= Assignment =
The output consists only of the lines from the one with "Iran nói tân" through the end of the records, each printed exactly, and contains no pictures.

= Information provided =
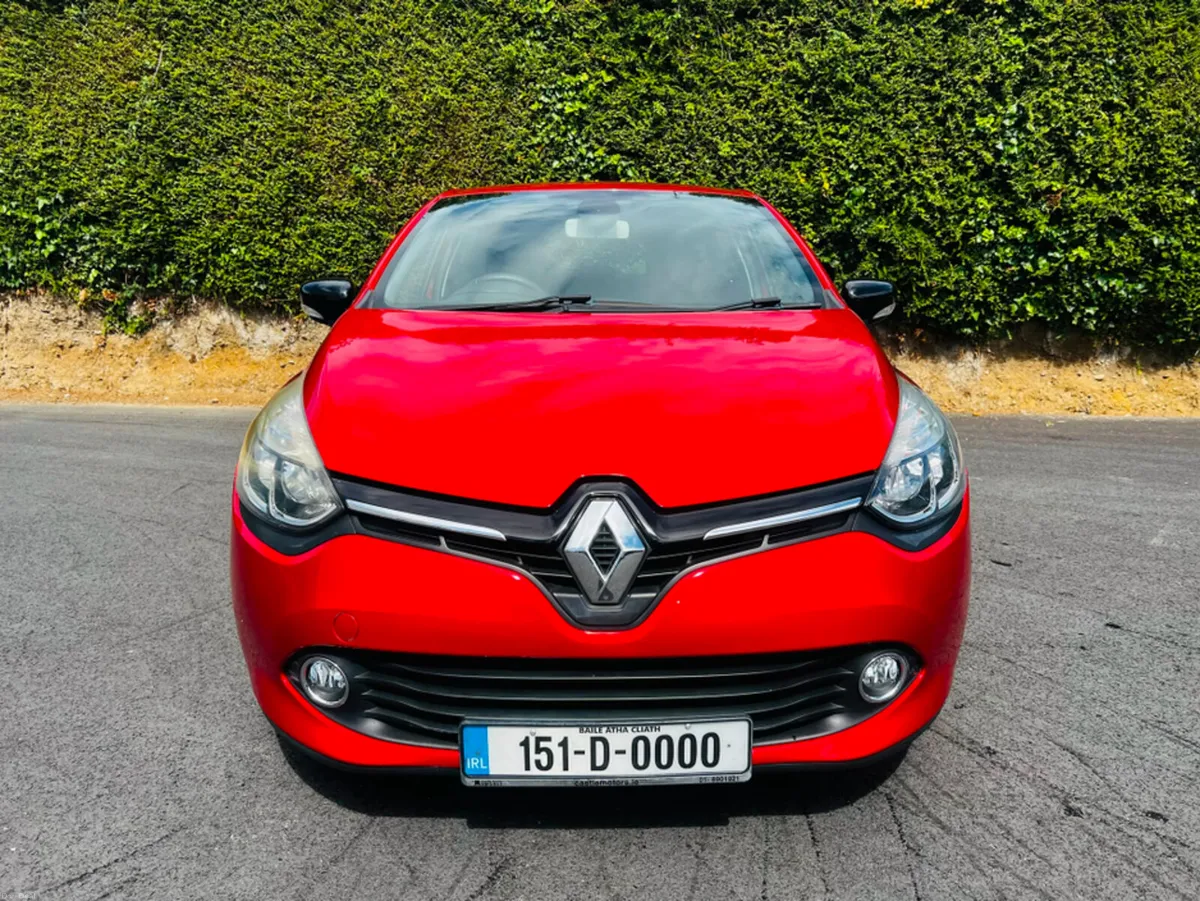 Renault Clio FINANCE AVAILABLE - Image 4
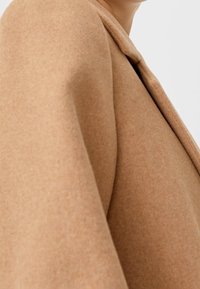 Stradivarius Mantel - beige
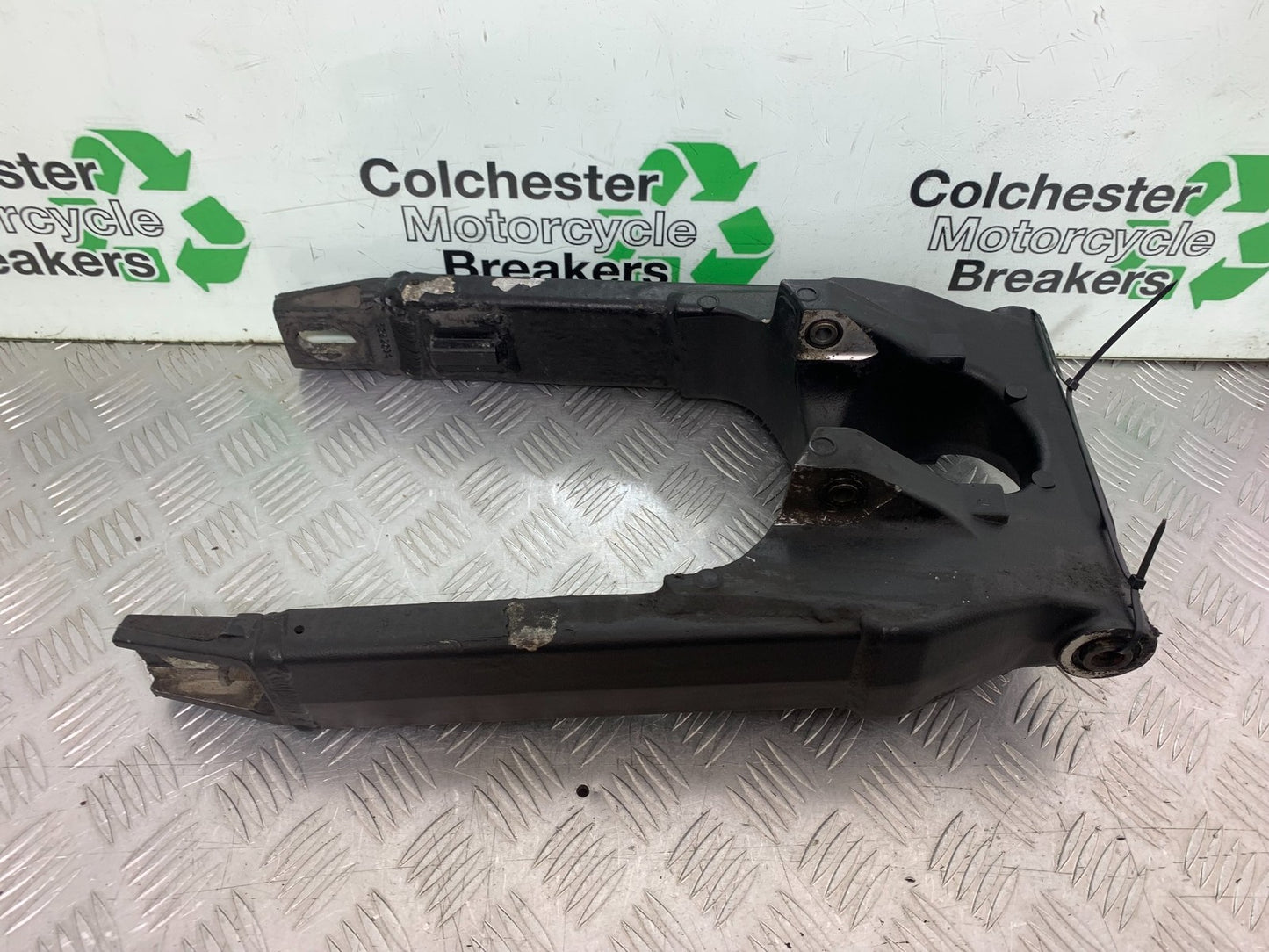 TRIUMPH 955i DAYTONA SWINGARM   YEAR 2002-2006 (CMB1229)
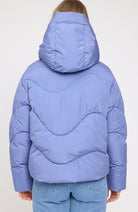 MAZINE Waves quilt short puffer jas lavender blue van GRS vrouw | Sophie Stone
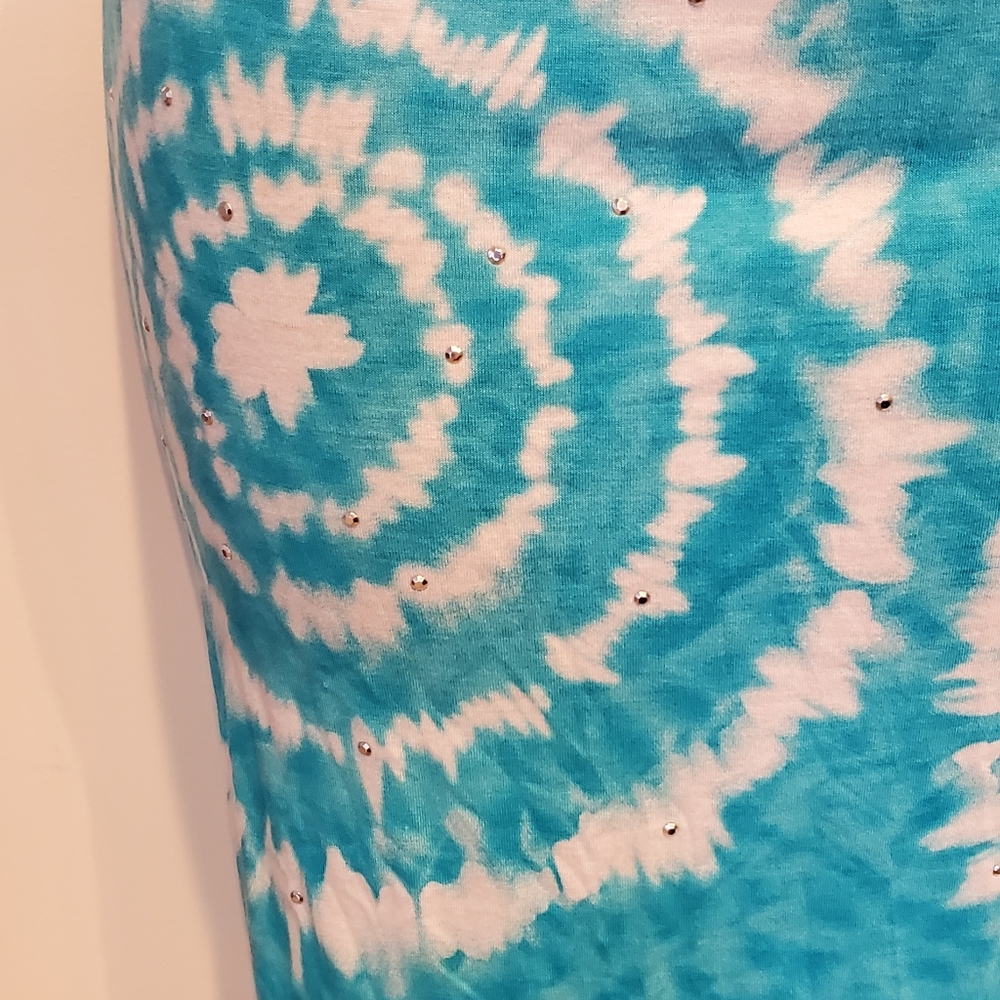 Dress - Picture 3 of 4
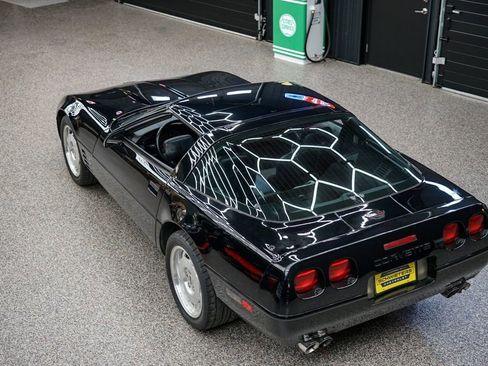 Used 1994 Chevrolet Corvette Coupe image 33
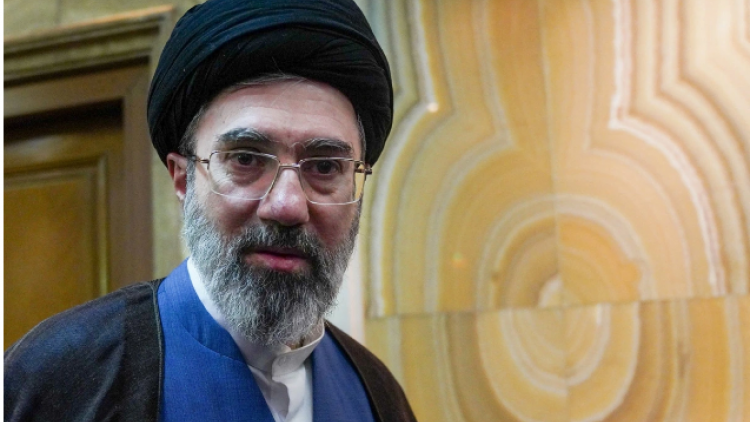 Iran nói tân Lãnh tụ tối cao Mojtaba Khamenei vẫn “an toàn”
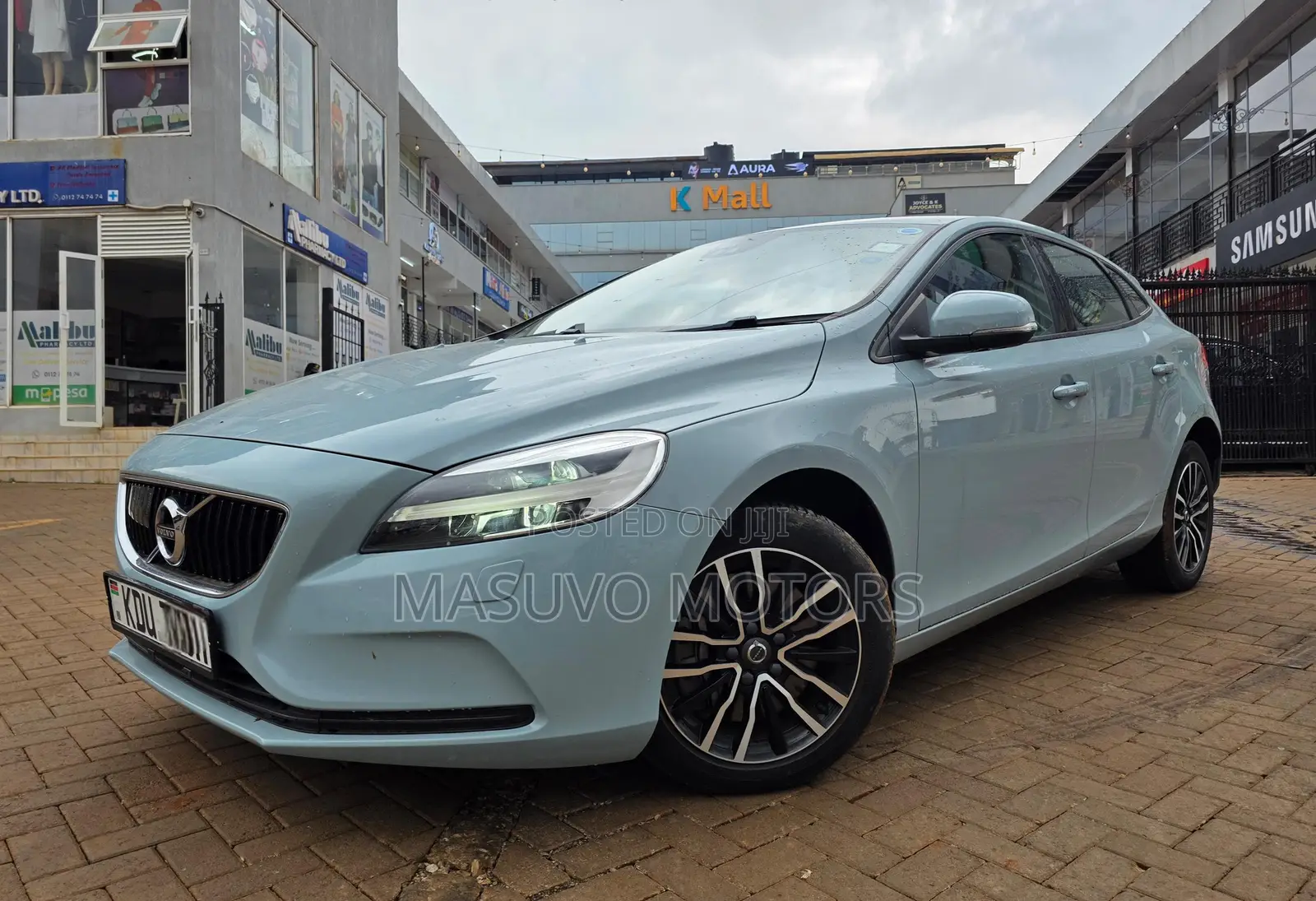 Volvo V40 2019 Blue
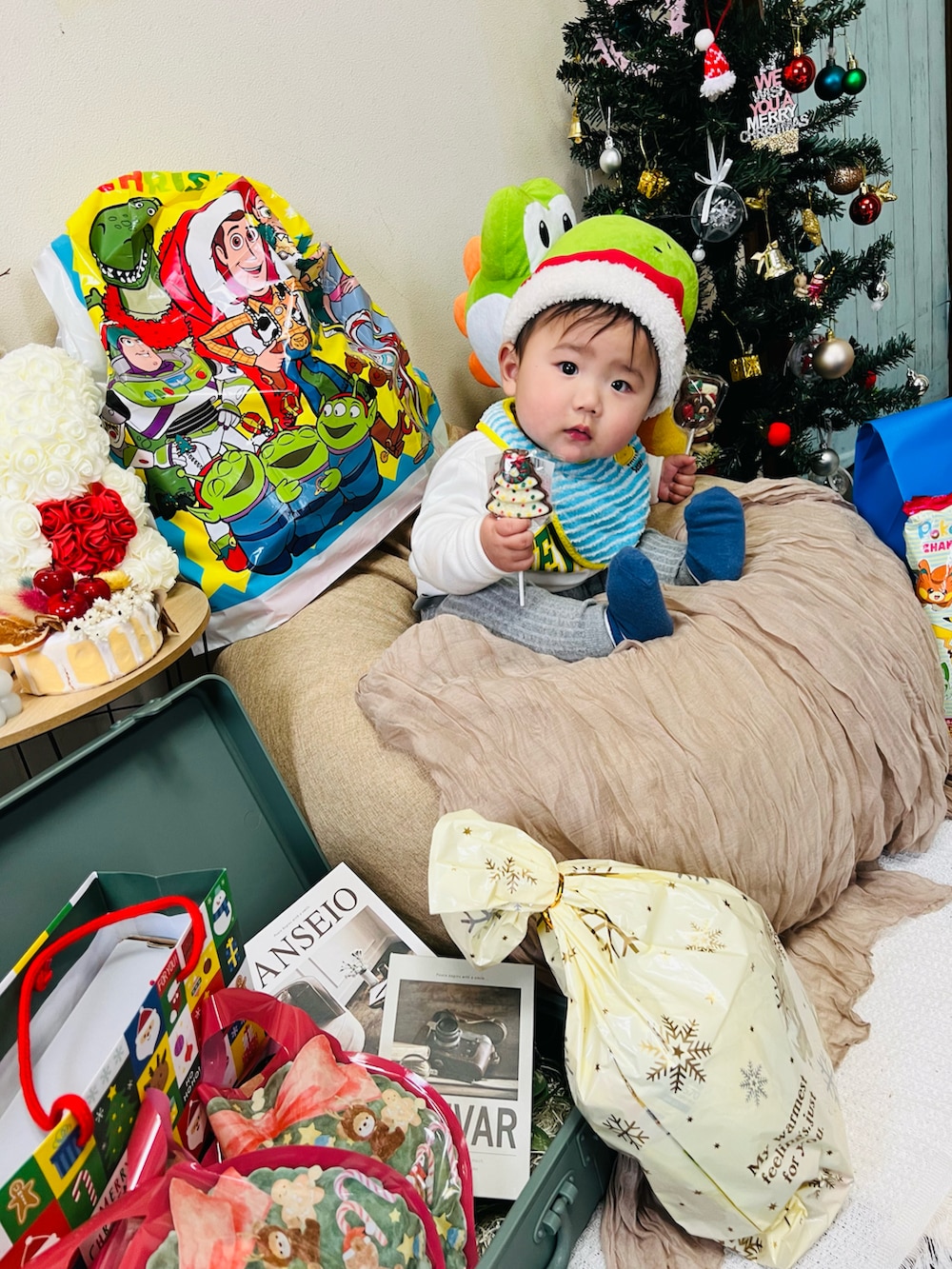 ホワイト系のスウェット、ホワイト系のベビーシューズ/ベビーソックス、ブルー系のスタイ/よだれかけを着用したキッズの冬コーディネートの3枚目の写真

= Output of the exercise =
 Iran nói tân Lãnh tụ tối cao Mojtaba Khamenei vẫn “an toàn”
 Volvo V40 2019 Blue
 ホワイト系のスウェット、ホワイト系のベビーシューズ/ベビーソックス、ブルー系のスタイ/よだれかけを着用したキッズの冬コーディネートの3枚目の写真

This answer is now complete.